Design Rationale
Let's explore the rationale behind Chubby's architecture.
Before we jump into further details and working of Chubby, it is important to know the logic behind certain design decisions. These learnings can be applied to other problems of similar nature.
Why was Chubby built as a service?#
Let’s first understand the reason behind building a service instead of having a client library that only provides Paxos distributed consensus. A lock service has some clear advantages over a client library:
-
Development becomes easy: Sometimes high availability is not planned in the early phases of development. Systems start as a prototype with little load and lose availability guarantees. As a service matures and gains more clients, availability becomes important; replication and primary election are then added to design. While this could be done with a library that provides distributed consensus, a lock server makes it easier to maintain the existing program structure and communication patterns. For example, electing a leader requires adding just a few lines of code. This technique is easier than making existing servers participate in a consensus protocol, especially if compatibility must be maintained during a transition period.
-
Lock-based interface is developer-friendly: Programmers are generally familiar with locks. It is much easier to simply use a lock service in a distributed system than getting involved in managing Paxos protocol state locally, e.g.,
Acquire()
,TryAcquire()
,Release()
. -
Provide quorum & replica management: Distributed consensus algorithms need a quorum to make a decision, so several replicas are used for high availability. One can view the lock service as a way of providing a generic electorate that allows a client application to make decisions correctly when less than a majority of its own members are up. Without such support from a service, each application needs to have and manage its own quorum of servers.
-
Broadcast functionality: Clients and replicas of a replicated service may wish to know when the service’s master changes; this requires an event notification mechanism. Such a mechanism is easy to build if there is a central service in the system.

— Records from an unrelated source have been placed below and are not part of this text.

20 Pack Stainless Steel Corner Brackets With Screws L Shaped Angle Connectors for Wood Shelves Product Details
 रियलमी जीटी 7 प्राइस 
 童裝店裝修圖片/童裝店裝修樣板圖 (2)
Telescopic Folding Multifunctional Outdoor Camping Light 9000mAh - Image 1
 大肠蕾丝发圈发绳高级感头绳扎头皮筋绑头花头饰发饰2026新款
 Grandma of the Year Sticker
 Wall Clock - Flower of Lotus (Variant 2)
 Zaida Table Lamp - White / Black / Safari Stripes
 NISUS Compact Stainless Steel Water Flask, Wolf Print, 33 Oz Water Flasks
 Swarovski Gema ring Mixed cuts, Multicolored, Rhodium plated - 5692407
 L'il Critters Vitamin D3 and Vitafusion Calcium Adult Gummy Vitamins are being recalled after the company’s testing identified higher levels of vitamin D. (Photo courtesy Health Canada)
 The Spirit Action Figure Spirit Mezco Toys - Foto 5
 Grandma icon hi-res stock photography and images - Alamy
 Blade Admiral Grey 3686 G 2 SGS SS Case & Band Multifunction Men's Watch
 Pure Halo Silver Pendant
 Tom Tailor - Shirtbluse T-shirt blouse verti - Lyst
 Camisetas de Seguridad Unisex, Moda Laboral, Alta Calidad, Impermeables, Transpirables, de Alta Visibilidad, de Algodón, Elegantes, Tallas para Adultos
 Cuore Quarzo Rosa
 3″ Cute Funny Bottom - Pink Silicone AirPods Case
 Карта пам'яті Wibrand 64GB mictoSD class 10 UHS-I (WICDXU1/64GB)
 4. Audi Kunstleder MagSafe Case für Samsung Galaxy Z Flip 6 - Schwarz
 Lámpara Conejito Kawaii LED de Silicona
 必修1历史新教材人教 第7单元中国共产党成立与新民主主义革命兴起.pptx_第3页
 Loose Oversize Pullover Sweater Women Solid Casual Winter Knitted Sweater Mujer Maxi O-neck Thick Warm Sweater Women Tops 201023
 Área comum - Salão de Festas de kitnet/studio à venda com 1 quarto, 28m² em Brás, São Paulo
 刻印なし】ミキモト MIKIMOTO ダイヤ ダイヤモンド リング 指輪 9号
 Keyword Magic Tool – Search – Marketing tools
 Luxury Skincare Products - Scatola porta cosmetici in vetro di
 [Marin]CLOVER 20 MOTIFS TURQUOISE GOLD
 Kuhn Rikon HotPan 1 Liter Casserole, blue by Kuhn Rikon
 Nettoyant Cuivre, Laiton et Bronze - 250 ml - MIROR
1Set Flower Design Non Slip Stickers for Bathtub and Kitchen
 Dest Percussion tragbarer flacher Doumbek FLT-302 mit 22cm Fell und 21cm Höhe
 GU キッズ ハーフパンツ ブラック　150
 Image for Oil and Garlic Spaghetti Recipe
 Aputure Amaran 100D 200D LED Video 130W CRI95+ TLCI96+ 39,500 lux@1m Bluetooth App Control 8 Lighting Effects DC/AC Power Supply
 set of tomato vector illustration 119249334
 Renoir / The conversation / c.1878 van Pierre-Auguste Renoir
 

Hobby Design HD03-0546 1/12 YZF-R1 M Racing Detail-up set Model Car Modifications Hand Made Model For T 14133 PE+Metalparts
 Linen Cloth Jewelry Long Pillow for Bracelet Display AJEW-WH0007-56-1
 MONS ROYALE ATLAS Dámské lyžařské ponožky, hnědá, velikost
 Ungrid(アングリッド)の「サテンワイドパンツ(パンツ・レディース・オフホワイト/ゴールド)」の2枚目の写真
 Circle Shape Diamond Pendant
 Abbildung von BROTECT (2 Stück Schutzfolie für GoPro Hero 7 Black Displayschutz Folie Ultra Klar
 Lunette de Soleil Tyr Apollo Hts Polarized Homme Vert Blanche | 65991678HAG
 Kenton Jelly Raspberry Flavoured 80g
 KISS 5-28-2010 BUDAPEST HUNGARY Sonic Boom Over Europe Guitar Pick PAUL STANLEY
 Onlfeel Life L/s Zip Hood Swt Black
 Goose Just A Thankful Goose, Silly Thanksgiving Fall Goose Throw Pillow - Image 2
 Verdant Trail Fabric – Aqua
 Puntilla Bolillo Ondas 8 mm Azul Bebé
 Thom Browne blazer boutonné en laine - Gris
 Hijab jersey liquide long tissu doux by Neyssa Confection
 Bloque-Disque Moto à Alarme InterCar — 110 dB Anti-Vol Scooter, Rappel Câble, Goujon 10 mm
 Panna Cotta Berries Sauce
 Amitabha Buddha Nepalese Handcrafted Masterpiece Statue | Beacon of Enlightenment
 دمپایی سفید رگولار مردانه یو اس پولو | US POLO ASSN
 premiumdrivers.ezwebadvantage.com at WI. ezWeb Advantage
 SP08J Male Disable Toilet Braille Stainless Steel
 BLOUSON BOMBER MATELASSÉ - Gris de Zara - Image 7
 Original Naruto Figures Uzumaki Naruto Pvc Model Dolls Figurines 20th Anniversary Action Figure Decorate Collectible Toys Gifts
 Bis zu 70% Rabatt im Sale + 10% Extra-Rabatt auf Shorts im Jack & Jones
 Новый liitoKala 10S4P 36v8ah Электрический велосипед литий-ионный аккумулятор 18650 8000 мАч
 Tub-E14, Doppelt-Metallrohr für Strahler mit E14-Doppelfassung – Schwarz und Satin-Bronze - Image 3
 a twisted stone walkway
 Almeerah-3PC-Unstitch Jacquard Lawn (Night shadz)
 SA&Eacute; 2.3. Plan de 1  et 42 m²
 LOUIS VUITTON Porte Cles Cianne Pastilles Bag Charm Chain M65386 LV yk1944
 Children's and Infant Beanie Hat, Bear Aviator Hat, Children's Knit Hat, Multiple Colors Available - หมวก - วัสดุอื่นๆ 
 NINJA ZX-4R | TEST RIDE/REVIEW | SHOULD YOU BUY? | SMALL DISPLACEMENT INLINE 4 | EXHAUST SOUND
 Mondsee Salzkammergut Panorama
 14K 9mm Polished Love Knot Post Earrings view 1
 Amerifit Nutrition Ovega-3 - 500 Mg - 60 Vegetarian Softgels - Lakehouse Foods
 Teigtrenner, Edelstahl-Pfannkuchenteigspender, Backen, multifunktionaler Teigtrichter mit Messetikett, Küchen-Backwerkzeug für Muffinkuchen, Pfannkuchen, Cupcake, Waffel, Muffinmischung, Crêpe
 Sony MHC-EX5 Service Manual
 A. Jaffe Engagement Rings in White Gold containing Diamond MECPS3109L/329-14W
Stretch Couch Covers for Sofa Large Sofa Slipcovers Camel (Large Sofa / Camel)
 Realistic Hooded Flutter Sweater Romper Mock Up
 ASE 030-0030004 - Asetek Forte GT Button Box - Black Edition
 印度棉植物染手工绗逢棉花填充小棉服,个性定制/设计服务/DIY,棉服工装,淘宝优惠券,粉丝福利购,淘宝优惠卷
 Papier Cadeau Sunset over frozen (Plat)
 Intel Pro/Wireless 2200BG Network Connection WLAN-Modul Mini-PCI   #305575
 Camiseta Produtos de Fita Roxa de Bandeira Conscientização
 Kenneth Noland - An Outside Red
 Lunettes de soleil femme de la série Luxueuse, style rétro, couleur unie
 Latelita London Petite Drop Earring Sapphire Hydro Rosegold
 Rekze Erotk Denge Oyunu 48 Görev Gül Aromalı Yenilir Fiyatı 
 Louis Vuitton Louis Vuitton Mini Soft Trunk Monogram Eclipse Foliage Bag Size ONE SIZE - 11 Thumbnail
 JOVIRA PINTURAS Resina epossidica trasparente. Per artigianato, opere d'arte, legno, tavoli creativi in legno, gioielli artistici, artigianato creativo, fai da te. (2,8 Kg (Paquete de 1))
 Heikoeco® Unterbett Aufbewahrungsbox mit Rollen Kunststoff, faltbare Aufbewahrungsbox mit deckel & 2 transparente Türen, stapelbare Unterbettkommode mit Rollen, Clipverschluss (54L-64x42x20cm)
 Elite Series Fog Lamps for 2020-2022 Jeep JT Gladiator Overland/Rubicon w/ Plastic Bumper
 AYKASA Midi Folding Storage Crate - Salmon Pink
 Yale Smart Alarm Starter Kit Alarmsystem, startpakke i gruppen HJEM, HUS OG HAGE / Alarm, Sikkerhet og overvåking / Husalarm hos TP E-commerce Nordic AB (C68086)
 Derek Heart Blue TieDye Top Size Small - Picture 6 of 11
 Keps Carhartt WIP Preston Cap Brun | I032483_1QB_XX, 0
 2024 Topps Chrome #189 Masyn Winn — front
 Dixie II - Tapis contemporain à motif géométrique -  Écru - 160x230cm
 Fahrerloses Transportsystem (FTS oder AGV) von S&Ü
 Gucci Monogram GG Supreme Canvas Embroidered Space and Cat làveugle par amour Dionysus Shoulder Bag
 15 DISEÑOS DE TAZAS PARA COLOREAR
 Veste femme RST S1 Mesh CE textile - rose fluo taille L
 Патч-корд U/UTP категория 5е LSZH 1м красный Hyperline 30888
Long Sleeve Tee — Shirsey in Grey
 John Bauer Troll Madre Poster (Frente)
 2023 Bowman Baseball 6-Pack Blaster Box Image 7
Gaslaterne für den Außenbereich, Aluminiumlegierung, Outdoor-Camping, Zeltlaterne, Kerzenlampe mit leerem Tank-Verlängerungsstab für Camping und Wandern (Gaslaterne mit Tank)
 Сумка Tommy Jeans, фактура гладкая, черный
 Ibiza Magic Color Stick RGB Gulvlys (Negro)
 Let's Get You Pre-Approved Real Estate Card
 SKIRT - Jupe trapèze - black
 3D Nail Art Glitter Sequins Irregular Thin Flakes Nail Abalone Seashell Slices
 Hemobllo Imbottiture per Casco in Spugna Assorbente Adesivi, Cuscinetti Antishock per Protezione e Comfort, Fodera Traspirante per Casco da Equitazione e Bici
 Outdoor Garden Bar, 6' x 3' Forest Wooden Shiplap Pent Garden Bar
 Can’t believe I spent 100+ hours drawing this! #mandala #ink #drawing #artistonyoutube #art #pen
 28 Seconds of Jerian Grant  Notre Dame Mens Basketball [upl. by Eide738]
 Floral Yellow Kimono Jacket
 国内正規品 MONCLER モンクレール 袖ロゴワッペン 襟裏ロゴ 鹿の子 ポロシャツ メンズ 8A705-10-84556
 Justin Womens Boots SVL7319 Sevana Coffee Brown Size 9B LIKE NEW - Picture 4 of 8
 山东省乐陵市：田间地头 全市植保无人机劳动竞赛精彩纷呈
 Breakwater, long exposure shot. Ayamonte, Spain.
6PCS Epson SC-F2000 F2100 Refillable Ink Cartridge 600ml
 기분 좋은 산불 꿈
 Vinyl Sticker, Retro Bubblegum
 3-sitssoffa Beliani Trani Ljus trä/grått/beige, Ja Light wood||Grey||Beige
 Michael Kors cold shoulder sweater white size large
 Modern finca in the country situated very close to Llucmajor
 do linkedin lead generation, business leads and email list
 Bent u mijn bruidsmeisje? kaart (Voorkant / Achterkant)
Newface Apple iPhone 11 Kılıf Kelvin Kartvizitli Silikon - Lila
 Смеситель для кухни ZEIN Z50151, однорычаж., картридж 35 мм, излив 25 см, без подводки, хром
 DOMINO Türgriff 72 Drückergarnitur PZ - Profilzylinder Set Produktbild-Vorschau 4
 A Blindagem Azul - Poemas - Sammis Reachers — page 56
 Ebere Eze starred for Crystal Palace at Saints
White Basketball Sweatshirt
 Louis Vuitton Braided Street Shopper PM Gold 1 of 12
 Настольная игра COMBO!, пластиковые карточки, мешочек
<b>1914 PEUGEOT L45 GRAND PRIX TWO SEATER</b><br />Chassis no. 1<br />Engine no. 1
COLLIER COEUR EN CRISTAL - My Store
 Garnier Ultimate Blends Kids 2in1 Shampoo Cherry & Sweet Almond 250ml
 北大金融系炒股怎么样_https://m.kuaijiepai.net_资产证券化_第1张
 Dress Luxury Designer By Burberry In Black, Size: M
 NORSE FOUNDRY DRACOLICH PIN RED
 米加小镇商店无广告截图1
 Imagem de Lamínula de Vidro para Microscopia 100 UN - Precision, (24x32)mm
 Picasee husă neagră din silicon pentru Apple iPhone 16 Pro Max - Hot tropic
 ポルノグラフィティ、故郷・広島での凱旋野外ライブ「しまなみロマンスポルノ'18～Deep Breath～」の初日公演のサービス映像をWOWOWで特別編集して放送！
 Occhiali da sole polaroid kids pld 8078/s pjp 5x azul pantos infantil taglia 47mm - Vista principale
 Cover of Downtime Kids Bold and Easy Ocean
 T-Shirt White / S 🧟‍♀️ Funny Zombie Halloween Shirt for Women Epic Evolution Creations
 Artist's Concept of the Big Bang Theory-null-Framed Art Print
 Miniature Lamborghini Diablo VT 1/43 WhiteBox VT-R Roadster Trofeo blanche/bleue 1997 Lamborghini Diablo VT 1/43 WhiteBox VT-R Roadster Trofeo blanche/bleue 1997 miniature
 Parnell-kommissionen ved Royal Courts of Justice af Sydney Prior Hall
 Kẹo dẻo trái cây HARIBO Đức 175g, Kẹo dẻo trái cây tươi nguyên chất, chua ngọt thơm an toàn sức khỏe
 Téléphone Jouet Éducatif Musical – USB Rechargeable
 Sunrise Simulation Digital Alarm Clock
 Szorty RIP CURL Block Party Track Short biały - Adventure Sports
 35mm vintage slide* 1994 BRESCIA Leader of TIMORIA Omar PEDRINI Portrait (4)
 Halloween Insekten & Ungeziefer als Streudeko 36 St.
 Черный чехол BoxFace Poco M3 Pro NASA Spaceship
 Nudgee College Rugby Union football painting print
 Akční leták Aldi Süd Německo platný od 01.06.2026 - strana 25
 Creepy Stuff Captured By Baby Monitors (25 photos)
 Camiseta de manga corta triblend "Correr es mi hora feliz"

The arguments above clearly show that building and maintaining a central locking service abstracts away and takes care of a lot of complex problems from client applications.
Why coarse-grained locks?#
Chubby locks usage is not expected to be fine-grained i.e., these locks should not be used in situations where the locks are held for a short period of time (e.g., seconds or less). When electing a leader, for example, Chubby locks will be ideal, since this isn’t a frequent event. Following are some main reasons why Chubby decided to only support coarse-grained locks:
-
Less load on lock server: Coarse-grained locks impose far less load on the server as the lock acquisition rate is a lot less than the client’s transaction rate.
-
Survive server failures: As coarse-grained locks are acquired rarely, clients are not significantly delayed by the temporary unavailability of the lock server. With fine-grained locks, even a brief unavailability of a lock server would cause many clients to stall.
-
Fewer lock servers are needed: Coarse-grained locks allow many clients to be adequately served by a modest number of lock servers with somewhat lower availability.
Why advisory locks?#
Chubby locks are advisory, which means it is up to the application to honor the lock. Chubby doesn’t make locked objects inaccessible to clients not holding their locks. It is more like record keeping and allows the lock requester to discover that lock is held. Holding a specific lock is neither necessary to access the file, nor prevents others from doing so.
Other types of locks are mandatory locks, which make objects inaccessible to clients not holding the lock. Chubby gave following reasons for not having mandatory locks:
- To enforce mandatory locking on resources implemented by other services would require more extensive modification of these services.
- Mandatory locks prevent users from accessing a locked file for debugging or administrative purposes. If a file must be accessed, an entire application would need to be shut down or rebooted to break the mandatory lock.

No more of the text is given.